### Exercise aim
Leave out every picture, and restate word for word only the lines from the one containing "Cheap 4ton used" through the end of the material.

### Source data
----

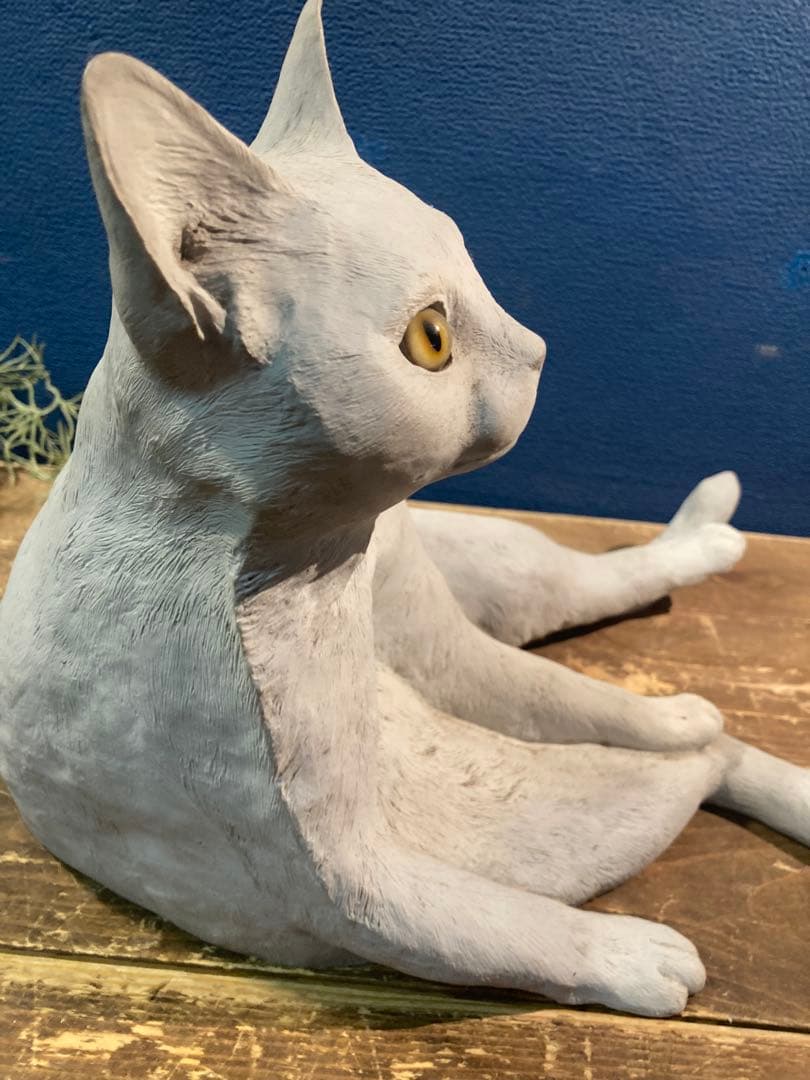 猫　白猫　アンティーク調　ガーデン雑貨　ガーデニング雑貨アンティーク　オブジェ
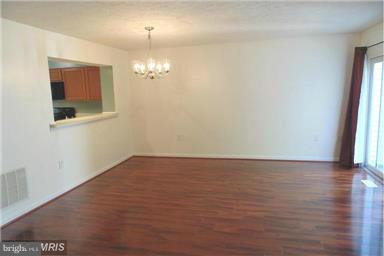 7359 Stream Way Springfield, VA 22152 - Photo 5 of 9 Living Room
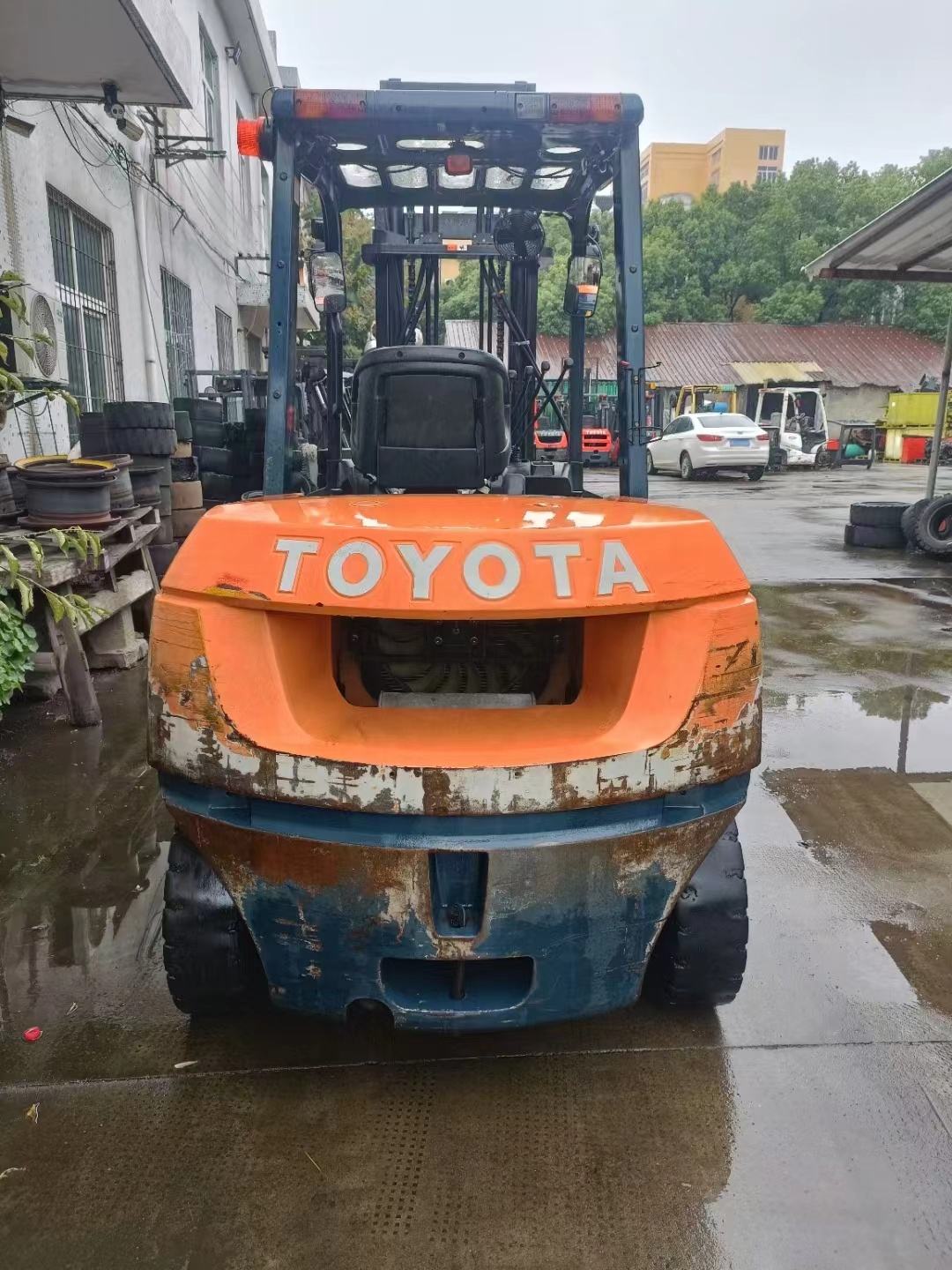 Cheap 4ton used Japan forklift FD40 secondhand Multifunction excavator parts toyota 4.0ton for sale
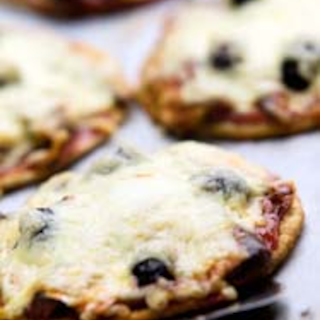 Sardiinipizzat rieskoista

----

### Exercise answer
 Cheap 4ton used Japan forklift FD40 secondhand Multifunction excavator parts toyota 4.0ton for sale
 Sardiinipizzat rieskoista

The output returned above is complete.